CrewAI Agent: A Financial Use Case
Thanks for dataset provided in this repo
pip install -U "crewai[tools]==0.102.0" python-dotenv==1.0.1
.env file (change to your own Azure OpenAI endpoint and API key)
OPENAI_API_TYPE=azure
AZURE_OPENAI_ENDPOINT=
AZURE_OPENAI_API_VERSION=2024-08-01-preview
AZURE_OPENAI_API_KEY=
AZURE_OPENAI_GPT4O_MODEL_NAME=gpt-4o-mini
AZURE_OPENAI_GPT4O_DEPLOYMENT_NAME=gpt-4o-mini
AZURE_OPENAI_EMBEDDING_API_VERSION=2023-05-15
AZURE_OPENAI_EMBEDDING_MODEL_NAME=text-embedding-3-small
AZURE_OPENAI_EMBEDDING_DEPLOYMENT_NAME=text-embedding-3-small
Define LLM and embedding for CrewAI agent
import os
from crewai import LLM
from dotenv import load_dotenv
load_dotenv(".env")
# from langchain_logger.callback import ChainOfThoughtCallbackHandler
import logging
load_dotenv(".env")
api_key = os.getenv("AZURE_OPENAI_API_KEY")
azure_openai_endpoint = os.getenv("AZURE_OPENAI_ENDPOINT")
api_version=os.getenv("AZURE_OPENAI_API_VERSION", "2024-08-01-preview")
import openai
openai.api_key = api_key
model_name = os.getenv("AZURE_OPENAI_GPT4O_MODEL_NAME", "gpt-4o-mini")
azure_deployment_name = os.getenv("AZURE_OPENAI_GPT4O_DEPLOYMENT_NAME", "gpt-4o-mini")
crewai_llm = LLM(model=f"azure/{model_name}", temperature=0.0, api_key=api_key, api_version=api_version)

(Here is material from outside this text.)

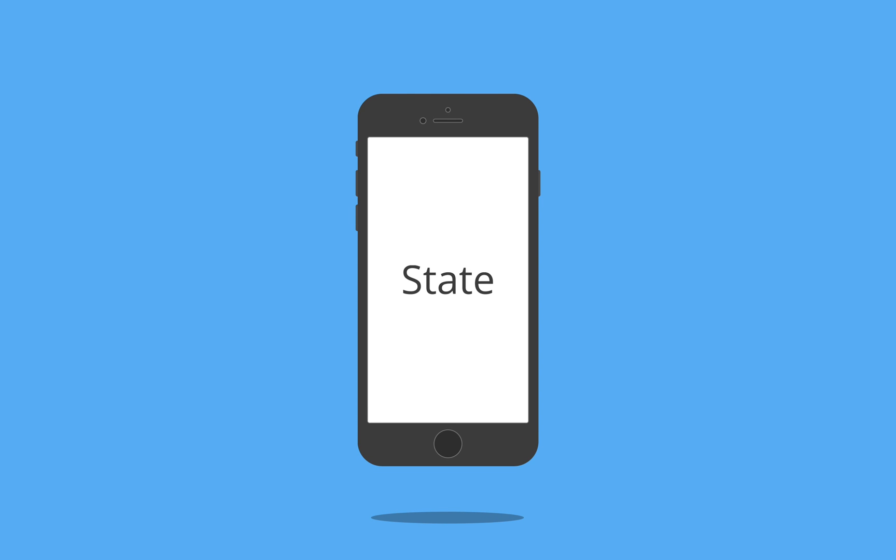State is a very important part of React Native. Whenever you want the view layer of your app to change, you'll need to use state.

crewai_embedder_config=dict(
# provider="azure_openai", # or openai, ollama, ...
provider="azure",
config=dict(
model=os.getenv("AZURE_OPENAI_EMBEDDING_MODEL_NAME"),
deployment_name=os.getenv("AZURE_OPENAI_EMBEDDING_DEPLOYMENT_NAME"),
api_key=os.getenv("AZURE_OPENAI_API_KEY"),
azure_endpoint=os.getenv("AZURE_OPENAI_ENDPOINT"),
api_base=os.getenv("AZURE_OPENAI_ENDPOINT"),
api_version=os.getenv("AZURE_OPENAI_EMBEDDING_API_VERSION"),
openai_api_version=os.getenv("AZURE_OPENAI_EMBEDDING_API_VERSION"),
openai_api_type="azure"
)
)
Define agent with LLM and embedding
from crewai import LLM, Agent, Crew, Process, Task
from crewai.knowledge.source.crew_docling_source import CrewDoclingSource
import os
def loan_assistant(file_path: str, customer_question: str) -> str:
# Create a knowledge source
content_source = CrewDoclingSource(
file_paths=[
file_path
],
)
llm = crewai_llm
loan_assistant_agent = Agent(
role="Loan Officer Assistant",
goal="Analyze bank statement and provide accurate insights about its contents",
allow_delegation=False,
verbose=True,
backstory=(
"""
You are a helpful bank loan officer. You are going to be given a bank statement
to analyse and you must provide accurate insights about its contents.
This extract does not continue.